**Activity**
Go through the data line by line from the top, retyping each exactly, and end with the line that contains "250729_Tabelle_Entw-GG-2019-2024_web".

**Record set**
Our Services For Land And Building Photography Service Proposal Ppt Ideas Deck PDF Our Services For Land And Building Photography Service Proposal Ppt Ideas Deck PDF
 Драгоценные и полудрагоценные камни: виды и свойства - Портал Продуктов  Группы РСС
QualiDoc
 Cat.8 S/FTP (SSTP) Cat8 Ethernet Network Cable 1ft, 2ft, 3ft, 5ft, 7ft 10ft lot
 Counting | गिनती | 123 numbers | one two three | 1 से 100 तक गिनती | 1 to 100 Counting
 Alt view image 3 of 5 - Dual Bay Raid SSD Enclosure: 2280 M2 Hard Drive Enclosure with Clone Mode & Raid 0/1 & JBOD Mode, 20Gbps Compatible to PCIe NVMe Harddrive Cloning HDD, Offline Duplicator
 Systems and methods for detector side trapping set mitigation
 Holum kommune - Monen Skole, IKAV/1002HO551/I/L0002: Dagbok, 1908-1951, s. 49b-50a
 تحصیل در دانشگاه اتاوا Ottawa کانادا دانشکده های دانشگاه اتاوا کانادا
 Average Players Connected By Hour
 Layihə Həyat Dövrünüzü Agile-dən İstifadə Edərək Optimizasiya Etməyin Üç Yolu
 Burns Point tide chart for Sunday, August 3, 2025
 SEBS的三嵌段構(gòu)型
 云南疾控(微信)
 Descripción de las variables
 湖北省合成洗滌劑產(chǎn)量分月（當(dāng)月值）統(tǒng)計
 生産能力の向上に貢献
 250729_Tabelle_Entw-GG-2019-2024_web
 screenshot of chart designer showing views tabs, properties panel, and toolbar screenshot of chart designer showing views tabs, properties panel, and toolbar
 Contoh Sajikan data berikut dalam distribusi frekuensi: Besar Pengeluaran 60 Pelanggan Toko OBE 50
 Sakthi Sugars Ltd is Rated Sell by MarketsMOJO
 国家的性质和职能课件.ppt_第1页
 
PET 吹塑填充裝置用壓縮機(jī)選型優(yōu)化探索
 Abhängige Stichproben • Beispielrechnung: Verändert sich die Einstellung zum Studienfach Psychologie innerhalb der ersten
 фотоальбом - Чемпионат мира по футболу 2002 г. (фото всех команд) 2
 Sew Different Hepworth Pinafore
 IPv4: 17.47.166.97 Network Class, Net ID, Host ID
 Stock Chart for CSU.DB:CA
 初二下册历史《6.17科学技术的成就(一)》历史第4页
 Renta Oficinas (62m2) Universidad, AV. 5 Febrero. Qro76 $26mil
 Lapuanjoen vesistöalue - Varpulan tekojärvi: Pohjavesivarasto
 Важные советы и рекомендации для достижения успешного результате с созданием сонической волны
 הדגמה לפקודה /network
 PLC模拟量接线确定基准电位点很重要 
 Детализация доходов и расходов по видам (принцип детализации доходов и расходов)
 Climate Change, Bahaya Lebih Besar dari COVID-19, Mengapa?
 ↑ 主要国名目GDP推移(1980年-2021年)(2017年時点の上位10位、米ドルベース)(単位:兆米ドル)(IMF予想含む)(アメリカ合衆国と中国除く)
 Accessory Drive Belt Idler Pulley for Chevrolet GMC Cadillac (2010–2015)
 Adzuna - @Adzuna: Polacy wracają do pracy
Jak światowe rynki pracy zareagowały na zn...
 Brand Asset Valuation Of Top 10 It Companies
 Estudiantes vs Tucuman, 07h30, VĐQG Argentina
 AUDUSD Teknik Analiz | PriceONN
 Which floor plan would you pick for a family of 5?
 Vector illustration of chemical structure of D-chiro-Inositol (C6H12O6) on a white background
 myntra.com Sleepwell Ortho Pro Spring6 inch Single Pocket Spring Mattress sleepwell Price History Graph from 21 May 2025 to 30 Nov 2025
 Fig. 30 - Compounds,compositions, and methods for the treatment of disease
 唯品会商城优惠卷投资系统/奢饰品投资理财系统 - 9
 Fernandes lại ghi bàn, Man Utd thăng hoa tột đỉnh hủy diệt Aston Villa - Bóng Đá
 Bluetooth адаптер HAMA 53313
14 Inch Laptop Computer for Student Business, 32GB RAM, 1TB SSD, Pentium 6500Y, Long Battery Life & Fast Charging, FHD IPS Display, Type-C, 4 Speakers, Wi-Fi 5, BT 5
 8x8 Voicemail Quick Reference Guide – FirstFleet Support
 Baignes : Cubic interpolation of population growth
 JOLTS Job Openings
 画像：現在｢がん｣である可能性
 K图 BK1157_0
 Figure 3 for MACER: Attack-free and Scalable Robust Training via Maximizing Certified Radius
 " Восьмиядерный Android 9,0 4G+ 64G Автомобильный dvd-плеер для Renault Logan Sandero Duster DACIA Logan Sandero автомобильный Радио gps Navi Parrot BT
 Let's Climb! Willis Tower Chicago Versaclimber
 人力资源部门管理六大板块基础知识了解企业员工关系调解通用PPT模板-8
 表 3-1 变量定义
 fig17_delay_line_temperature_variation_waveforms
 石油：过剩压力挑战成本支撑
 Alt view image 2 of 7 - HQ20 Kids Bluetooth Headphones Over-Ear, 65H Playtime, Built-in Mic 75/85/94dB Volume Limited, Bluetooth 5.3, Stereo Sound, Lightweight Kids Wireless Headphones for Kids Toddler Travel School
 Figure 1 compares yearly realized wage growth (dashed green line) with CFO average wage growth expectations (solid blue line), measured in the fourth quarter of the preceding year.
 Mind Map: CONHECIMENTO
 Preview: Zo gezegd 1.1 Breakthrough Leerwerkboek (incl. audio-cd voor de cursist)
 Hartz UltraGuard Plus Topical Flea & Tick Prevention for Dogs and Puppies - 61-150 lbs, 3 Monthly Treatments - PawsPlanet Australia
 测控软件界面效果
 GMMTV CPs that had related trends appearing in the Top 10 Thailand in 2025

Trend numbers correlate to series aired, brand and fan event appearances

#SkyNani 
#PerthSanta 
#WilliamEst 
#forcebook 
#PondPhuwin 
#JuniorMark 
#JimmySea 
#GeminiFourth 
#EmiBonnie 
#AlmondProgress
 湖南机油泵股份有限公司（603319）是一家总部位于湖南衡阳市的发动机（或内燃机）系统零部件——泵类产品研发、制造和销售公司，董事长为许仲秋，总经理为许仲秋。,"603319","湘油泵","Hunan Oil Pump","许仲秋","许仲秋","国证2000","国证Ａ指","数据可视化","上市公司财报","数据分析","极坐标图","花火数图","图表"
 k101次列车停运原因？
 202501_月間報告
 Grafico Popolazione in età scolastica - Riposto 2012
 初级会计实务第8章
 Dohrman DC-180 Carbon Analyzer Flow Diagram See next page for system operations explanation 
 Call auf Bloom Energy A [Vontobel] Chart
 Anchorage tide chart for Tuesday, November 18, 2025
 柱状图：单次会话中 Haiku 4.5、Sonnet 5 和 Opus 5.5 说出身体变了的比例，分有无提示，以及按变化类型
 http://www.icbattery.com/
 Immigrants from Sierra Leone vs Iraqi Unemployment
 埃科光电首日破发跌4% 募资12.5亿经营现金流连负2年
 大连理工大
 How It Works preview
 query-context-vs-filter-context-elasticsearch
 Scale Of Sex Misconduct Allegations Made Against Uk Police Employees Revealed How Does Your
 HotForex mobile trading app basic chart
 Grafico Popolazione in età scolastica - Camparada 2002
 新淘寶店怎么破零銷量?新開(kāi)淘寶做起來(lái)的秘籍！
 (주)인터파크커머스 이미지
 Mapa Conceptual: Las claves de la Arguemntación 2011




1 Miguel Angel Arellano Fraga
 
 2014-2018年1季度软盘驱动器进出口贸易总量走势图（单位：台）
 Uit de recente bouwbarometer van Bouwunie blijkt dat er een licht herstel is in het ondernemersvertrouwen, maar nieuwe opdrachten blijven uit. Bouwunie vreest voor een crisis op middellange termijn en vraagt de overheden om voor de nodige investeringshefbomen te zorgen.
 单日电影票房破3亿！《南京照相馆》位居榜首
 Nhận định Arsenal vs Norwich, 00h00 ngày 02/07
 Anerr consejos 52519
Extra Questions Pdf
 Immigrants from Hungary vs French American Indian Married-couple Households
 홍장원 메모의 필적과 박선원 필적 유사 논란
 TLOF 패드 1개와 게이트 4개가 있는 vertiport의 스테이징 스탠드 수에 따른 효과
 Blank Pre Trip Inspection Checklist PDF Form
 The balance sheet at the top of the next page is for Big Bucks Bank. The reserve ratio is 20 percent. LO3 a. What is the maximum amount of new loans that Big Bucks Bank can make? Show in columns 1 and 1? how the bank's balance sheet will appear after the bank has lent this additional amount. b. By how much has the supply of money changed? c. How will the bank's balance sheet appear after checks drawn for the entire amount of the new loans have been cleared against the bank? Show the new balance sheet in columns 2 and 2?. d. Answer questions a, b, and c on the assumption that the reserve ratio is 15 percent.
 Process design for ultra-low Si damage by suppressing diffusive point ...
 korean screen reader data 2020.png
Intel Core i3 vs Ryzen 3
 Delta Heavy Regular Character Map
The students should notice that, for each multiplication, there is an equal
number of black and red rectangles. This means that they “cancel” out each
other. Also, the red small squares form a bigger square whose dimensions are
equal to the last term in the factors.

**Result of the task**
Our Services For Land And Building Photography Service Proposal Ppt Ideas Deck PDF Our Services For Land And Building Photography Service Proposal Ppt Ideas Deck PDF
 Драгоценные и полудрагоценные камни: виды и свойства - Портал Продуктов  Группы РСС
QualiDoc
 Cat.8 S/FTP (SSTP) Cat8 Ethernet Network Cable 1ft, 2ft, 3ft, 5ft, 7ft 10ft lot
 Counting | गिनती | 123 numbers | one two three | 1 से 100 तक गिनती | 1 to 100 Counting
 Alt view image 3 of 5 - Dual Bay Raid SSD Enclosure: 2280 M2 Hard Drive Enclosure with Clone Mode & Raid 0/1 & JBOD Mode, 20Gbps Compatible to PCIe NVMe Harddrive Cloning HDD, Offline Duplicator
 Systems and methods for detector side trapping set mitigation
 Holum kommune - Monen Skole, IKAV/1002HO551/I/L0002: Dagbok, 1908-1951, s. 49b-50a
 تحصیل در دانشگاه اتاوا Ottawa کانادا دانشکده های دانشگاه اتاوا کانادا
 Average Players Connected By Hour
 Layihə Həyat Dövrünüzü Agile-dən İstifadə Edərək Optimizasiya Etməyin Üç Yolu
 Burns Point tide chart for Sunday, August 3, 2025
 SEBS的三嵌段構(gòu)型
 云南疾控(微信)
 Descripción de las variables
 湖北省合成洗滌劑產(chǎn)量分月（當(dāng)月值）統(tǒng)計
 生産能力の向上に貢献
 250729_Tabelle_Entw-GG-2019-2024_web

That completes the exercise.